Ethan Hawke fights crime throughout time in Predestination
PIECING together Predestination is a bit like trying to solve a Rubik’s Cube. No sooner have you made sense of one piece of the story than you realise that assorted other elements have only grown more muddled. The time-hopping crime thriller is tailor-made for our message-board times, because watching the movie is a jumping-off point for further discussion and, undoubtedly, debate.
Whether sci-fi aficionados will balk at the series of twists or embrace the convoluted timeline, Predestination proves to be a thrilling entertainment for the rest of us, who may not ruminate as much about time-travel paradoxes. That’s not, however, for the reasons you might think; the movie is surprisingly light on action.
It’s best to go into the movie knowing as little as possible, but the gist is that Ethan Hawke plays a “temporal agent” who zips back in history to prevent crimes before they happen. He hasn’t had much luck catching a notorious terrorist known as the Fizzle Bomber, however. His boss gives him one more shot, so off the agent goes to the year 1970, five years before the bomber’s biggest massacre.
Given what we know, it seems like a planned event when our nameless hero, pretending to be a bartender, strikes up a conversation with a man named John in a New York watering hole. John ends up telling this stranger his life story, which unfolds in flashbacks. It turns out that John was actually born Jane, in the 1940s, and raised in an orphanage. She was a tomboy who loved to fight, but also a straight-A student who embarked on an exciting career path before falling into a star-crossed romantic relationship with someone who plays a significant role in her gender-bending destiny. Both Jane and John are played by talented Australian up-and-comer Sarah Snook.

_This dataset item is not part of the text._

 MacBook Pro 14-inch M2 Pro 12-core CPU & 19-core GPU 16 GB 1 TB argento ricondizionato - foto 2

John’s coming-of-age narrative is fairly run-of-the-mill next to the time-travelling manhunt that surrounds it, but the character’s history is entirely captivating — and arguably the most rewarding aspect of the movie. Snook has a commanding presence, and the bittersweet tale John tells lends the drama unexpected emotional weight.

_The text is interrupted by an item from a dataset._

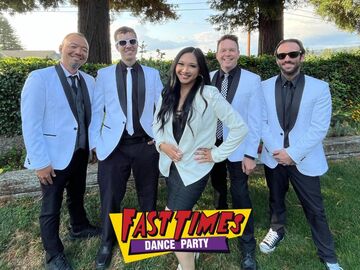 Fast Times - Cover Band - Morgan Hill, CA - Hero Main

The movie is based on All You Zombies, a short story by Robert A. Heinlein that has been capably ushered onto the screen, with a few additional threads, by brothers Michael and Peter Spierig, who share writing and directing duties.
Once the movie shifts gears, sending the bartender and John back to the 1960s, things get weird, and not always in a good way. By the time the final minutes roll around, the requisite big reveals are both bizarre and predictable, even if they don’t make complete sense at first (or ever). But seeing what’s coming doesn’t blunt the overall impact of the story. The movie may not have quite the mind-bending wallop of Inception, but Predestination is about something deeper than fantasy.